What you have to do:
Return the data. Every word must match.

Data for review:
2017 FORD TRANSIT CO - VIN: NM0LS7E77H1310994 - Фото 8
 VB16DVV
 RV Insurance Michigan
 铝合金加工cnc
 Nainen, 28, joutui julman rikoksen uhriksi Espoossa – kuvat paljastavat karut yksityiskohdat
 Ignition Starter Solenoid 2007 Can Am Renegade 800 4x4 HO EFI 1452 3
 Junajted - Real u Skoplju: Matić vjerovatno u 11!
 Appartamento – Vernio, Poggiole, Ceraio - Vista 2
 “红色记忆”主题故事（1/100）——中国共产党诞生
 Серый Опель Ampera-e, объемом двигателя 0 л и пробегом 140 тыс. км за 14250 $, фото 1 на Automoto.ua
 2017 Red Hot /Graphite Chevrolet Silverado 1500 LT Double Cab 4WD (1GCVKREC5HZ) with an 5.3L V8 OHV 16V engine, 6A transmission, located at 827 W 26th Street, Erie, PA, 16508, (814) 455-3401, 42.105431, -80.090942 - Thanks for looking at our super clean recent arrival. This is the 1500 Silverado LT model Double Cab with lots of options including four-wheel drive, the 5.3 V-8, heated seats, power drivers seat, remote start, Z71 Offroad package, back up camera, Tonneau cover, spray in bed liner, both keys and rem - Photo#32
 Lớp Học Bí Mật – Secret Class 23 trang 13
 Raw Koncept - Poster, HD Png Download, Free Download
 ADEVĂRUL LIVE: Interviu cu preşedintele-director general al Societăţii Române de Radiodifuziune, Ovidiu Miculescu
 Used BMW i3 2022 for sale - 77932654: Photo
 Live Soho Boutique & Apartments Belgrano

Response:
2017 FORD TRANSIT CO - VIN: NM0LS7E77H1310994 - Фото 8
 VB16DVV
 RV Insurance Michigan
 铝合金加工cnc
 Nainen, 28, joutui julman rikoksen uhriksi Espoossa – kuvat paljastavat karut yksityiskohdat
 Ignition Starter Solenoid 2007 Can Am Renegade 800 4x4 HO EFI 1452 3
 Junajted - Real u Skoplju: Matić vjerovatno u 11!
 Appartamento – Vernio, Poggiole, Ceraio - Vista 2
 “红色记忆”主题故事（1/100）——中国共产党诞生
 Серый Опель Ampera-e, объемом двигателя 0 л и пробегом 140 тыс. км за 14250 $, фото 1 на Automoto.ua
 2017 Red Hot /Graphite Chevrolet Silverado 1500 LT Double Cab 4WD (1GCVKREC5HZ) with an 5.3L V8 OHV 16V engine, 6A transmission, located at 827 W 26th Street, Erie, PA, 16508, (814) 455-3401, 42.105431, -80.090942 - Thanks for looking at our super clean recent arrival. This is the 1500 Silverado LT model Double Cab with lots of options including four-wheel drive, the 5.3 V-8, heated seats, power drivers seat, remote start, Z71 Offroad package, back up camera, Tonneau cover, spray in bed liner, both keys and rem - Photo#32
 Lớp Học Bí Mật – Secret Class 23 trang 13
 Raw Koncept - Poster, HD Png Download, Free Download
 ADEVĂRUL LIVE: Interviu cu preşedintele-director general al Societăţii Române de Radiodifuziune, Ovidiu Miculescu
 Used BMW i3 2022 for sale - 77932654: Photo
 Live Soho Boutique & Apartments Belgrano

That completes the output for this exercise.